L’un des principaux facteurs des conflits en R.D.Congo, c’est l’exploitation des produits miniers, notamment le cobalt, le cuivre, le diamant, l’or, le coltan, l’étain, etc. En effet, l’incapacité du gouvernement congolais à contrôler l’ensemble de son territoire a permis aux forces armées rebelles d’exploiter ces ressources minières et de perpétuer des conflits au Congo. Bon nombre de ces minéraux sont exportés vers les sociétés d’électronique dans le monde entier. Des femmes, des enfants et parfois même des hommes. Certes, un moyen de semer la terreur dans les zones minières. Par ailleurs, on apprendra que l’armée congolaise a également été impliquée dans l’exploitation des minerais de sang.

Au début de 2013, l’ONU a obtenu un accord régional pour mettre fin à la rébellion du M23 dans les régions orientales, et le prétendu fondateur du groupe Bosco NTAGANDA fut remis à la Cour Pénale Internationale pour répondre des accusations portées contre lui pour crimes de guerre. Le Rwanda et l’Ouganda ont nié les accusations portées contre eux par l’ONU. Accusations selon laquelle ils auraient appuyé  le groupe M23.

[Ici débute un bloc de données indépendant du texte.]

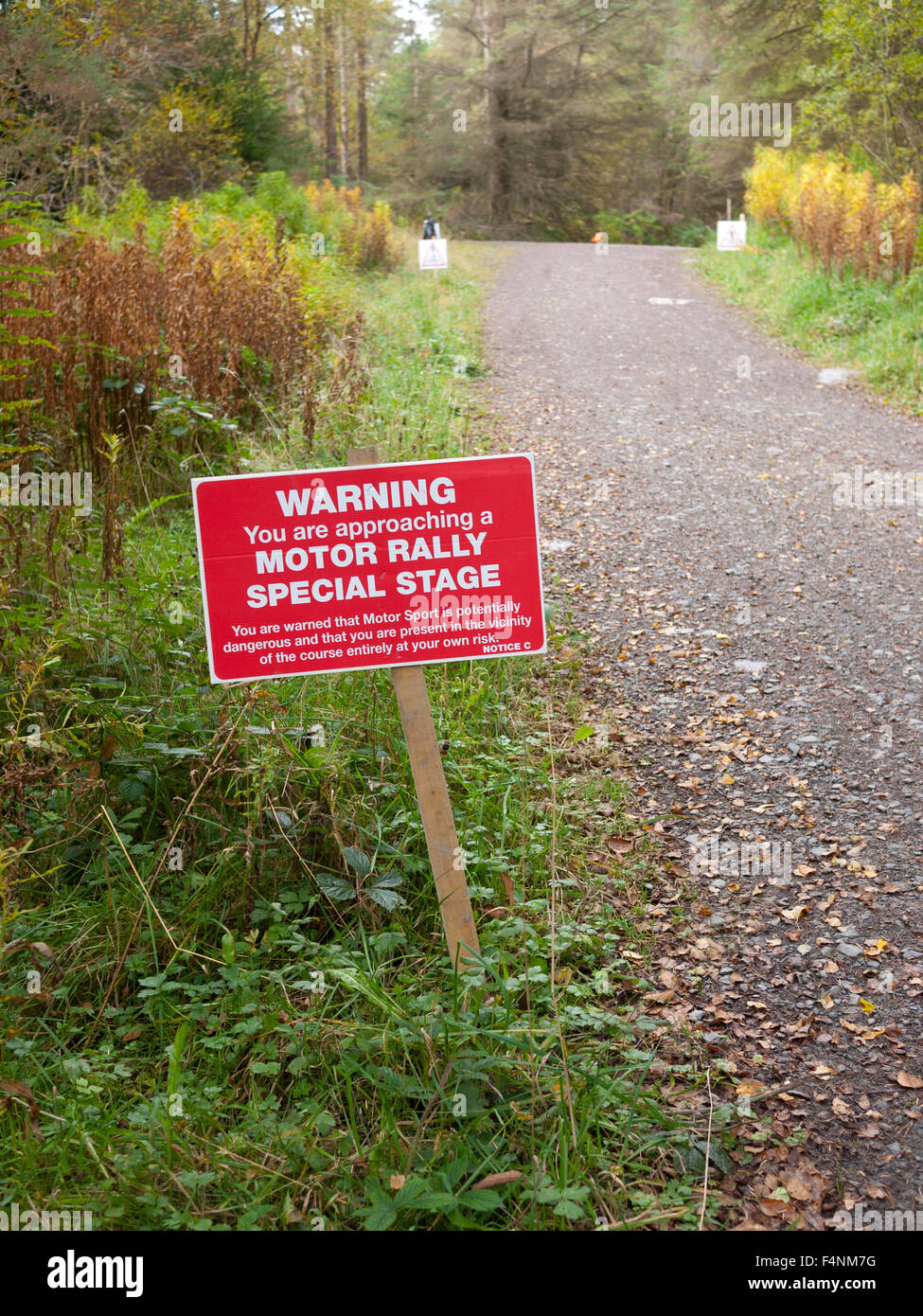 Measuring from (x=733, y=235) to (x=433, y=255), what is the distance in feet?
19.1

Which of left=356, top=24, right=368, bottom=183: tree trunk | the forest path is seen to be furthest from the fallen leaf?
left=356, top=24, right=368, bottom=183: tree trunk

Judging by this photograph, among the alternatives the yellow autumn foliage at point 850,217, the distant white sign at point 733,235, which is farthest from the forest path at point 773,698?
the distant white sign at point 733,235

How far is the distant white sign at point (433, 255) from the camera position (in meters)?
16.5

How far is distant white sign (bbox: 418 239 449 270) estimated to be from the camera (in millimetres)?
16505

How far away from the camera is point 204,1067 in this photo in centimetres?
276

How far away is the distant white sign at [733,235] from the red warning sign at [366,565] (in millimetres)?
17356

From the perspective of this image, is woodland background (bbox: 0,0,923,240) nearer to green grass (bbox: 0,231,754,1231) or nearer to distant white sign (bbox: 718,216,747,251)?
distant white sign (bbox: 718,216,747,251)

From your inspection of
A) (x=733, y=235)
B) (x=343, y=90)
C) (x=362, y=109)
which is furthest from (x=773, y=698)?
(x=362, y=109)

Le mouvement du 23 mars, M23 en sigle, est un groupe qui fut créé lors de la guerre du Kivu. Il est composé d’ex-rebelles du CNDP réintégrés dans l’armée congolaise suite à un accord de paix signé le 23 mars 2009 avec  Kinshasa. Ils se sont ensuite mutinés en avril 2012. Leur nom provient des accords du 23 mars 2009, car, les membres considèrent que le gouvernement congolais n’a pas respecté les résolutions de cet accord. Le M23 est accusé de nombreuses violences contre les populations civiles, par l’ONG (Human Rights Watch), le Tribunal Pénal International et le gouvernement Américain.